The 5th, Sabbath we lay still again today, had service. Mr. White preached. The 6th we marched down the river to Cheraw 10 miles & crossed the Great Pee Dee on pontoons at that place. The place was burned so I could not give you any idea of it, but should judge it was quite important at some time or other. From this to the 11th we were wallowing over swamps, creeks, and a perfect wilderness, seeing the toughest part of the campaign thus far. We did not have anything to eat scarcely. The night of the 11th we camped 3 miles from Fayetteville & the 12th I wrote you a letter.
We lay in camp all day. You will notice we have not moved hardly a Sabbath on the campaign. The 13th Gen. Sherman reviewed us in town.
Fayetteville was a splendid place, quite antiquated however & is the 3rd town in importance and size in the state.
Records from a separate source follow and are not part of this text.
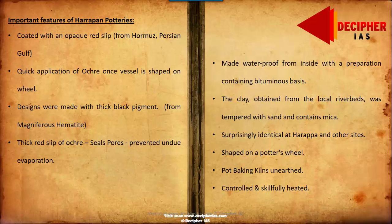Regarding specific Harappan potteries that may be asked in UPSC examinations: these potteries were coated with an opaque red slip procured from Hormuz in the Persian Gulf. The ochre was applied quickly once the vessel was shaped on the wheel so that it would give a permanent red color, seal the pores of the vessel, and prevent undue evaporation. On this red background, designs were made with thick black pigment derived from magniferous hematite, a raw iron ore, which produces colors that last very long.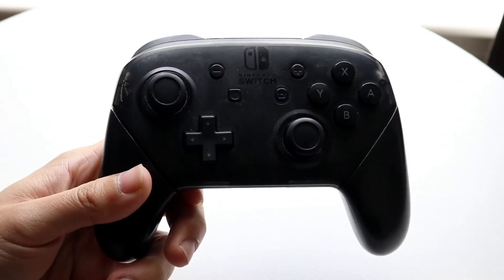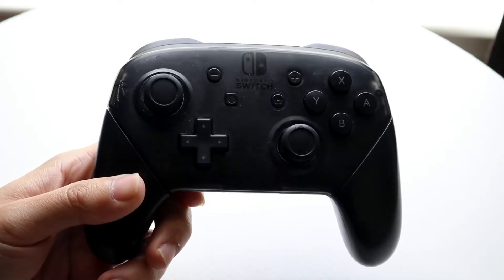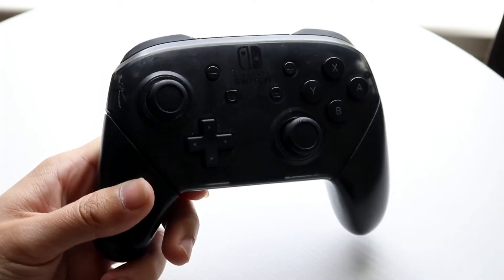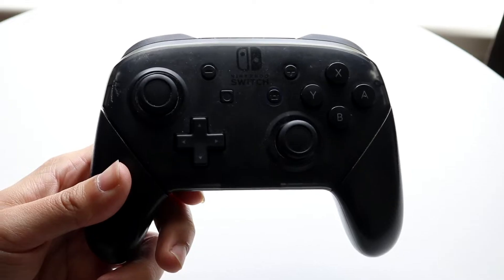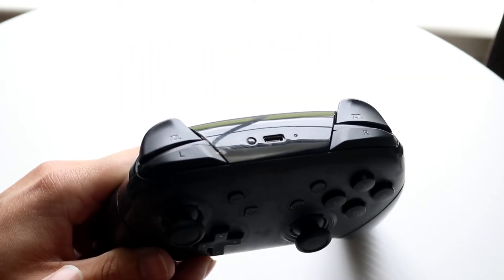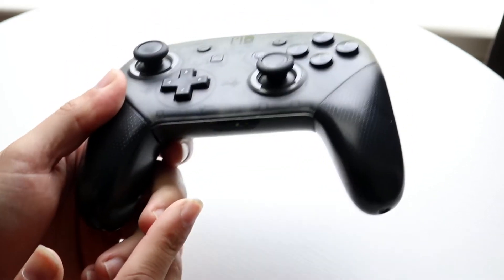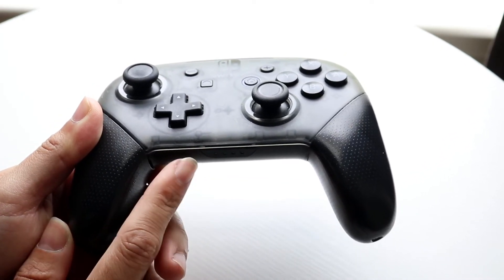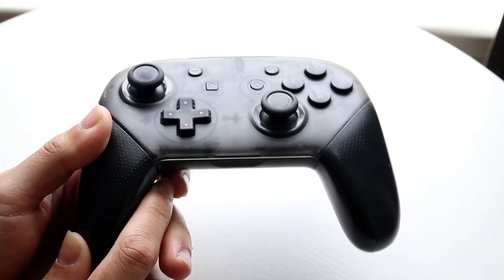Your Switch Pro Controller might not be working on your PC, and this can happen for a few different reasons. The number one reason is that your controller may not be turned on. Find the power button and click any button to power it on. Check if the lights on the bottom turn on — if they don't, that's likely the main reason it's not working.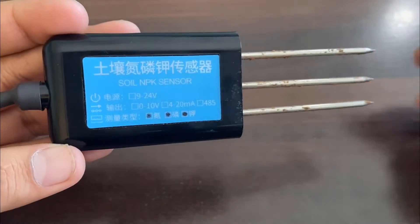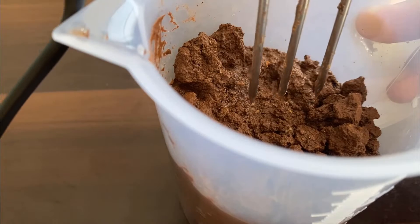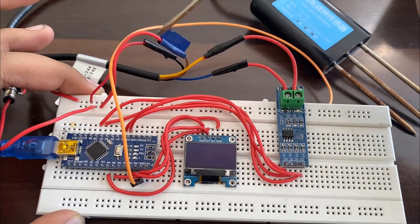Hello everyone, this is Sharada from HowToElectronics. In this video, we will learn about the interfacing of soil NPK sensor with Arduino and OLED display.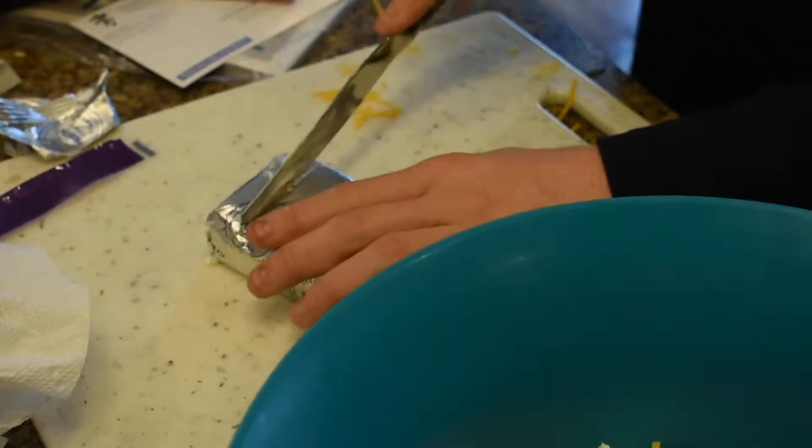Your next step is to take your cream cheese, cut it up into bits to make it easier to stir, and then put it into your bowl and stir.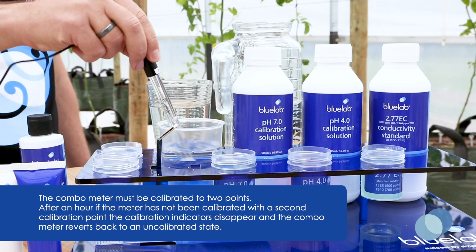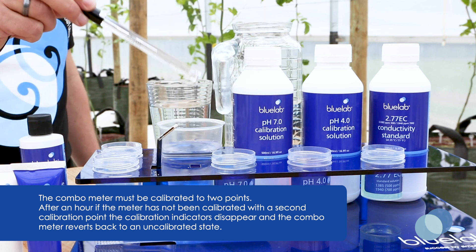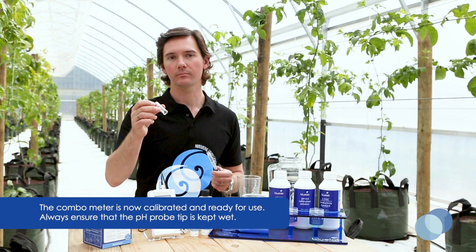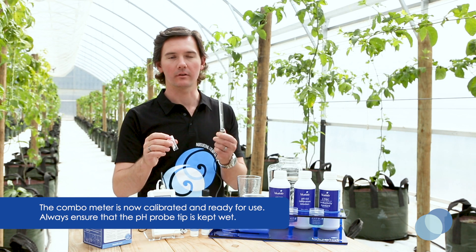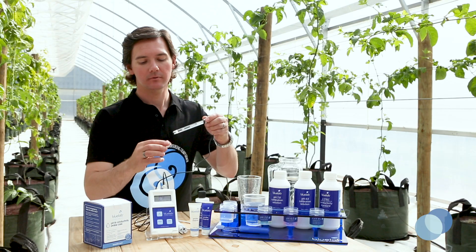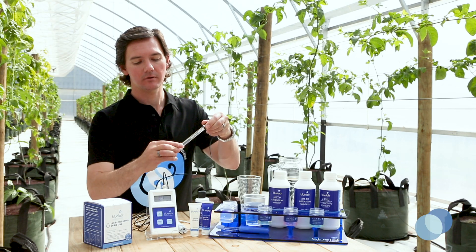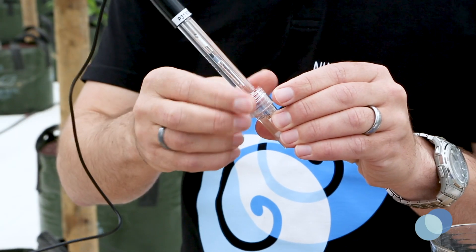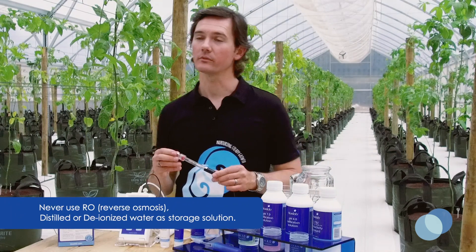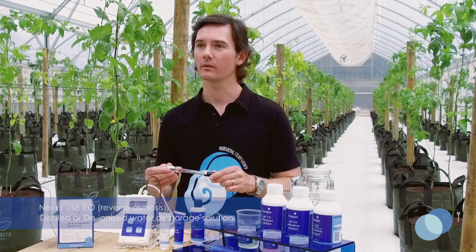Rinse the probe in fresh tap water, and you're all done calibrating the pH probe. Before you put the storage cap back on, make sure you've got enough KCL probe storage solution inside the cap to fully cover the glass probe tip when the probe is inserted. Put it back in the storage cap and turn the top of the storage cap clockwise to tighten. Remember, never store your pH probe in reverse osmosis, distilled, or deionized water, as these types of pure water can change the chemistry of the probe glass and cause damage to your probe.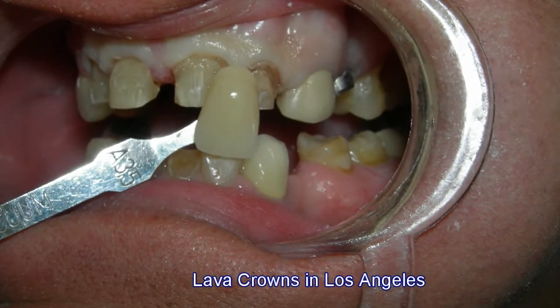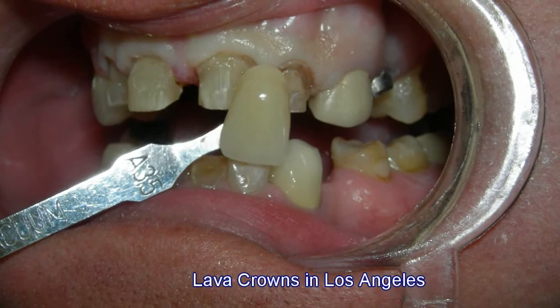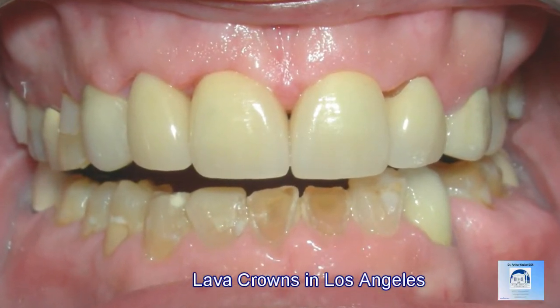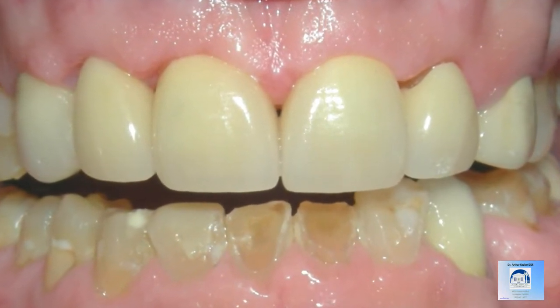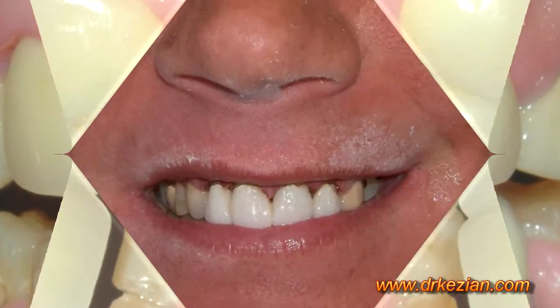Here you see a comparison of the color of the crown to the color of an existing tooth in the mouth, and you can see it matches very well. And with all the lava crowns now placed into the tooth, you can see a nice straight smile with a very realistic look and a very harmonious balance within the mouth.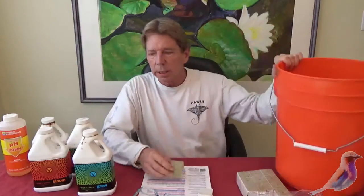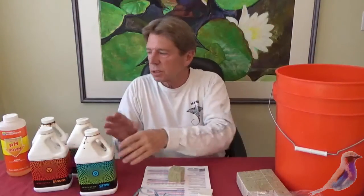When you mix up a solution, you'll put a gallon of water in here. You'll add your Vega Matrix — there's four-part solutions. Grow is five milliliters, for instance. You'll add that to the water first. Then you pH — you bring that down to five-five.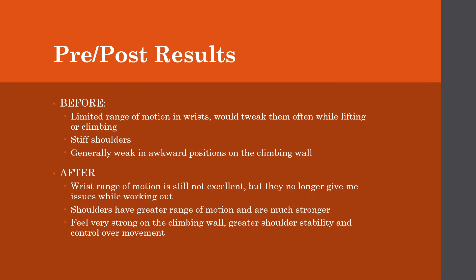Prior to performing these routines, I had limited range of motion, especially in my wrists, and I would tweak them pretty often while lifting or climbing, which was not ideal. I also had pretty stiff shoulders and was generally weak in awkward positions on the climbing wall. I was good with straightforward routes, but once it started getting twisty, it just made it very difficult for me.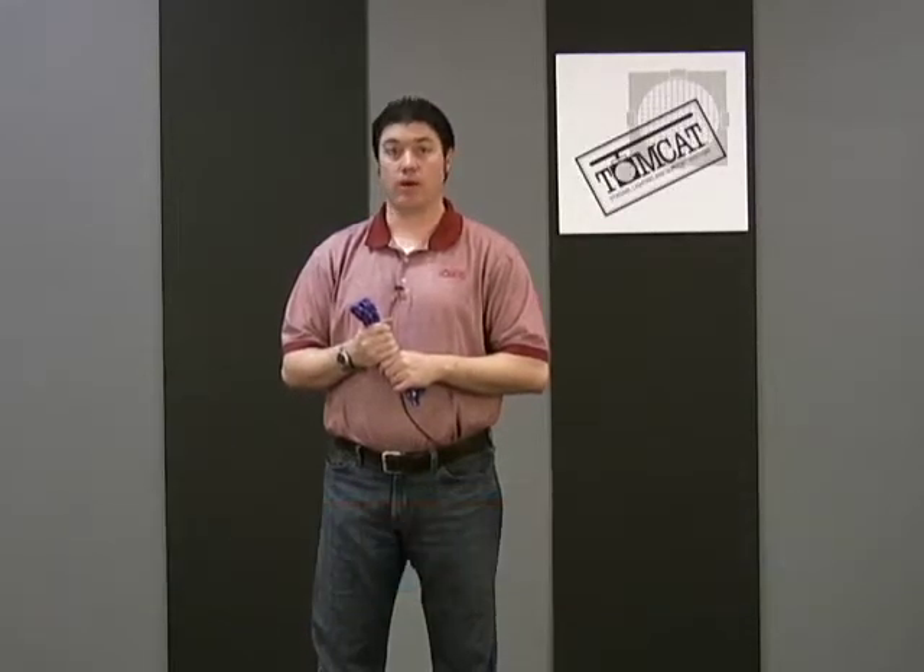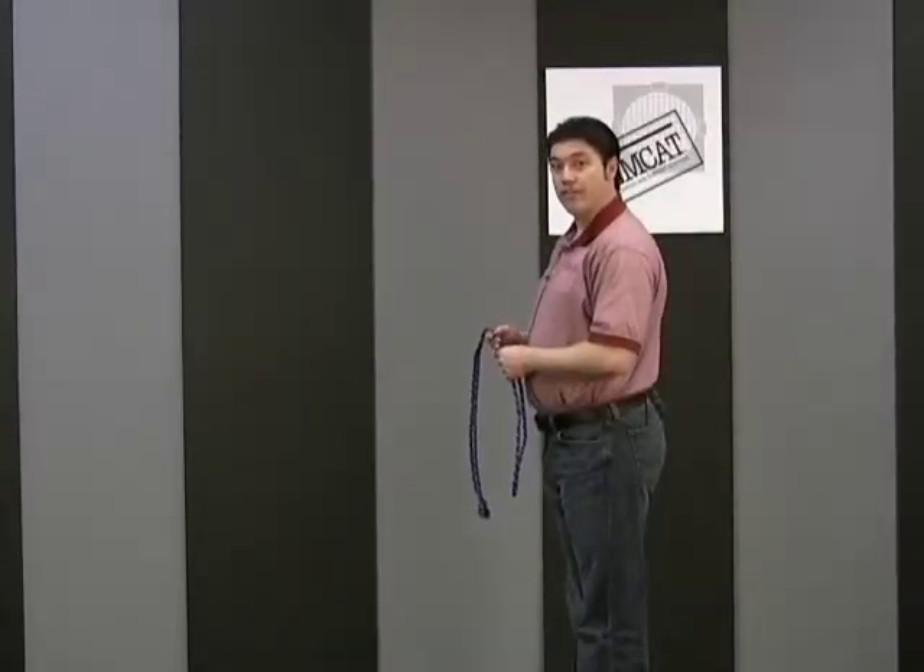Did you know that the figure of eight knot is used to tie a loop in a knot? It can be tied in the end of the line or in the middle of the rope. This is how you tie the figure of eight knot.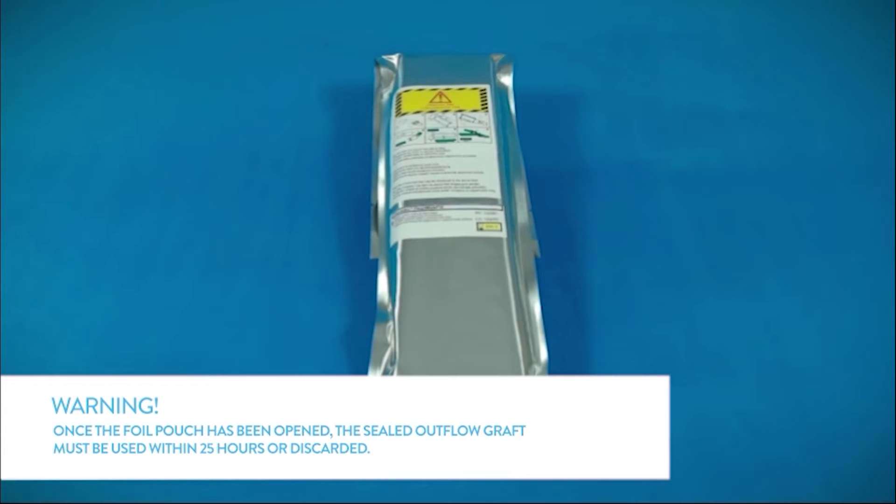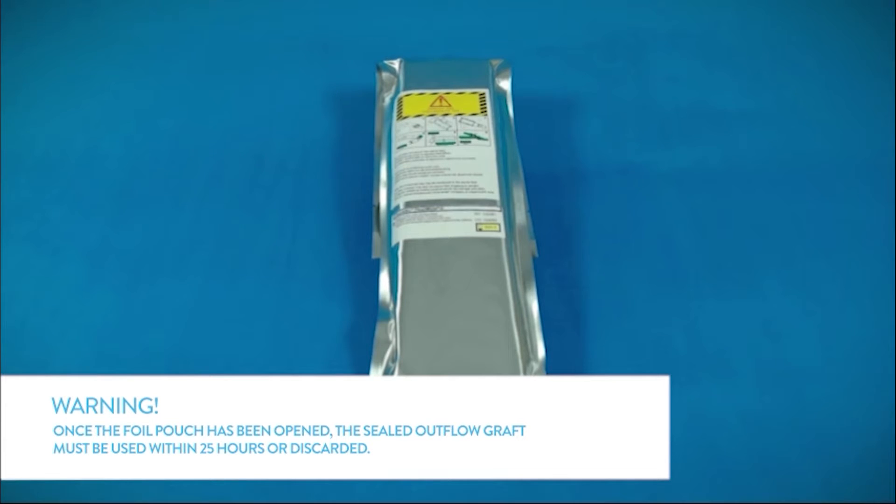Warning: once the foil pouch has been opened, the sealed outflow graft must be used within 24 hours or discarded.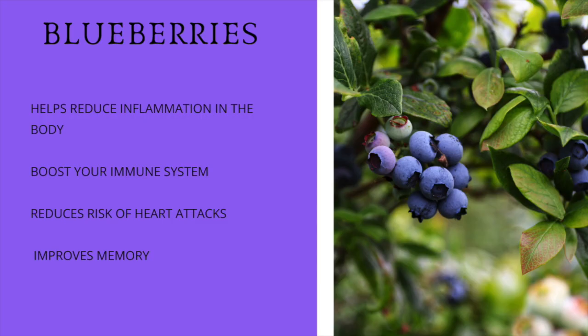We're going to be adding blueberries, and blueberries have a lot of anti-inflammatory properties. They help reduce the inflammation in your body and help boost your immune system. They're also great for your heart, help reduce the risk of heart attacks, and also improve memory.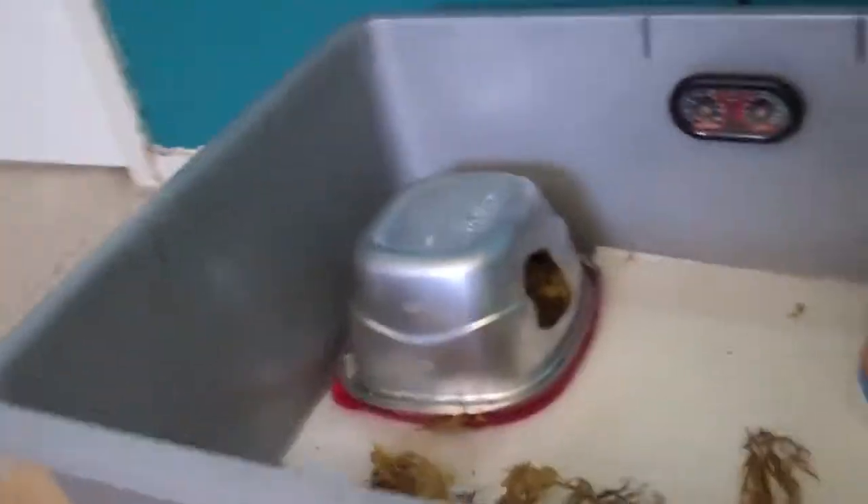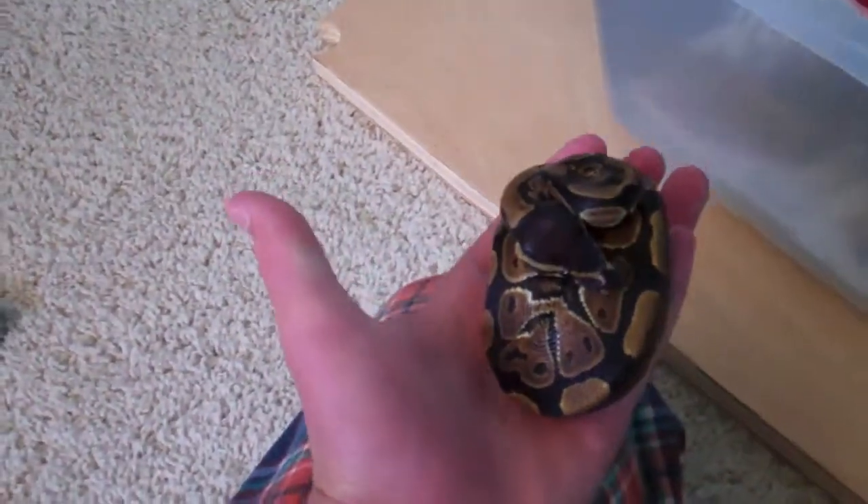Alright, so I took the lid off and there he is, in his little ball — there's his head. There he is, and he's completely in a ball. So you can see he's about that size.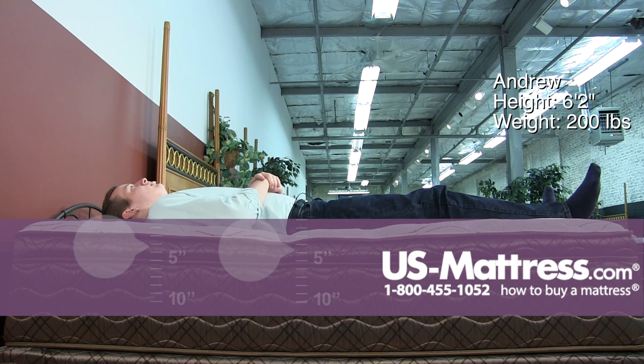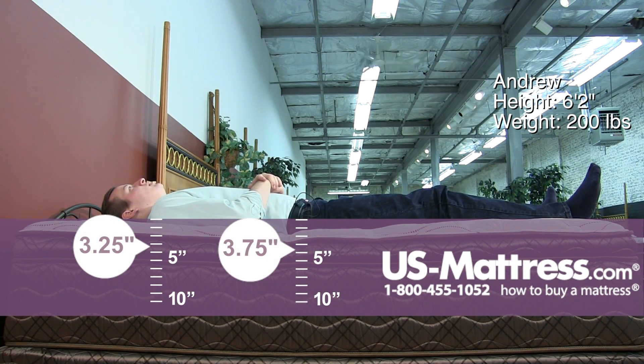Moving to my back, this mattress has a good overall medium feel to it, sinking in a little in my hips and shoulders, but just in a proper way that feels pretty good, so I'm still getting back support as well.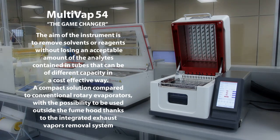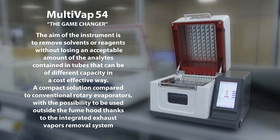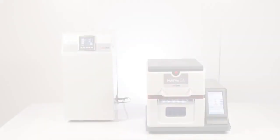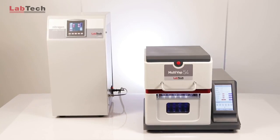A compact solution compared to conventional rotary evaporators, with the possibility to be used outside the fume hood thanks to the integrated exhaust vapors removal system.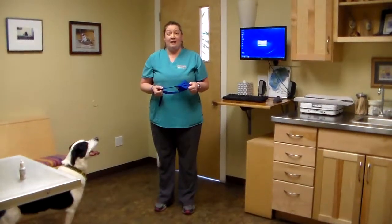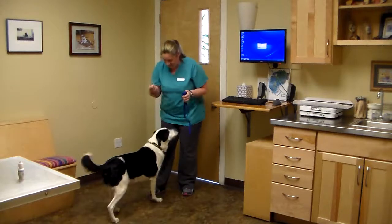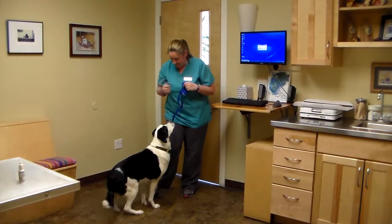I'm going to apply a nylon muzzle to this dog. Sit. Sit. Good boy.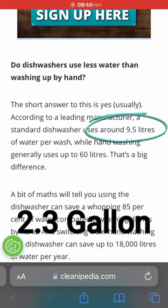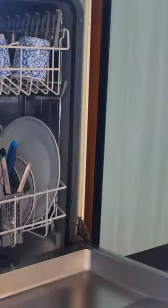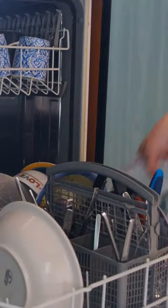Did you know that using a dishwasher is not only the lazy way to go, but also the eco way to go? A full load of dishes in a dishwasher uses less than 10 liters, while doing the same amount of dishes by hand could use up to 60 liters. So for the next dishes, be lazy and use a dishwasher.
The 15th we started on again and the 16th had the fight in Black River Swamp or the Battle of Averasborough. There was nothing particularly interesting in this battle. They were driven back some & in the morning left us the field as well as their dead to bury.
The 19th we came on to them at Bentonville. They flanked one div. of the 14th Corps and had like to raise the wind with them, but we came up and a new line was formed, which the Rebs assaulted most furiously 5 times, but they don’t fight with the spirit of former days.
The 21st the enemy left & we marched undisturbed into Goldsboro where we were reviewed, by Gen. Sherman as we entered the town. Here we found the 23rd Corps the heroes of Nashville, also one div. of the 24th & one of the 25th Corps.
On the campaign we have had 3 men out of a company mounted to forage. There has been no end to horses & mules but they don’t last long here in the army. All the foragers in each regt. go in a squad together in charge of an officer. Most all the skirmishing has been done by these “bummers” as they are called. We have had good times and hard ones, but it was certainly a master move in every sense of the word.
I have rec’d a letter today from you, date of March 24, that is the latest I have seen in the regt. You had received mine of Feb. 12. I was glad to hear you had, knowing the great anxiety you would have for my safety.
The corps has got a new general. Mower is his name. I believe he is from the 17th Corps. He outranked Gen. Williams & therefore had to take a command above him. We don’t like it a bit.
April 9th, 1865
Thinking that we was going to move soon, I have had to work night & day to get the capt.’s work done before we should go, therefore I have been delayed again with your letter, but I must write today as the last mail goes to night at 5. Tomorrow at 6 AM we go for those Rebs again all sorts.
Thank God Richmond and Petersburg are ours. Oh what glorious news. I know how your heart leaped for joy upon the receipt of the intelligence. But do not be too sanguine for they may give us a good deal of chasing yet. But I think the hard fighting is over. It will be more marching. This victory is worth everything and be of good cheer for the day draws near when we shall see peace, glorious peace prevail again. I have no idea where we are going, but I expect we will go out towards Raleigh & see where the Rebs are. There are ten thousand rumors afloat.
Give my very best love to Aunt Sarah and all the folks generally. Give my love to John also. I will write a short note to him now. I have written but to you since here. With much love to you, and gratitude to the Great Giver of all things.